The imported data is very easy to access in the structure, you only need to refer to the indices (corresponding to each file) and the fieldnames (corresponding to each data column), e.g:

>> S(1).filename
ans =
MKZ_2WD_LevelSnowAccel.mat
>> S(1).AccelForward([1:4,end-4:end])
ans =
        -0.18
        -0.18
        -0.18
        -0.18
        ... lots of lines
        -1.92
        -1.72
         -1.2
        -2.24
         -4.1
>> S(1).Time([1:4,end-4:end])
ans =
      -5.1505
      -5.1405
      -5.1305
      -5.1205
      ... lots of lines
        23.01
        23.02
        23.03
        23.04
        23.05
>> S(2).filename
ans =
MKZ_4WD_LevelSnowAccel.mat
>> S(2).AccelForward([1:4,end-4:end])
ans =
        -0.07
        -0.07
        -0.07
        -0.07
        ... lots of lines
         0.23
         0.19
          0.3
         0.33
         0.27
>> S(2).Time([1:4,end-4:end])
ans =
      -5.3711
      -5.3611
      -5.3511
      -5.3411
      ... lots of lines
       24.069
       24.079
       24.089
       24.099
       24.109
 

You could also do something similar with tables, timetables, or by rearranging the columns of the numeric array to have the same order.

2 个评论
显示无隐藏无

Scooby921 2019-4-5

Thank you very much.

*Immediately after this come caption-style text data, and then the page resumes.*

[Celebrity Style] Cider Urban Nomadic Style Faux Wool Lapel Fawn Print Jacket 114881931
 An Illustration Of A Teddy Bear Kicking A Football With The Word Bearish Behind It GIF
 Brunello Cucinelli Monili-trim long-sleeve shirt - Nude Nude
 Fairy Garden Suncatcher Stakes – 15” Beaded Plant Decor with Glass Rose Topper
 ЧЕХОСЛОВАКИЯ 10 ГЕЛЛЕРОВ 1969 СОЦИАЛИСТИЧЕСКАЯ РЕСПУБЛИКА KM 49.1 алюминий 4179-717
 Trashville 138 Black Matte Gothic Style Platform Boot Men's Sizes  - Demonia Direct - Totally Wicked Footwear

I'll play around with this today!

Scooby921 2019-5-13

编辑：Scooby921 2019-5-13

在 MATLAB Online 中打开

As a follow-up a month later...thank you again! Worked with it a bit and learned a good deal more about working with structs. Wound up extended the script to include calling data from these initially generated structs, deriving acceleration from velocity, appending a lost data point, creating and applying filters, and loading everything back into a new struct of filtered data.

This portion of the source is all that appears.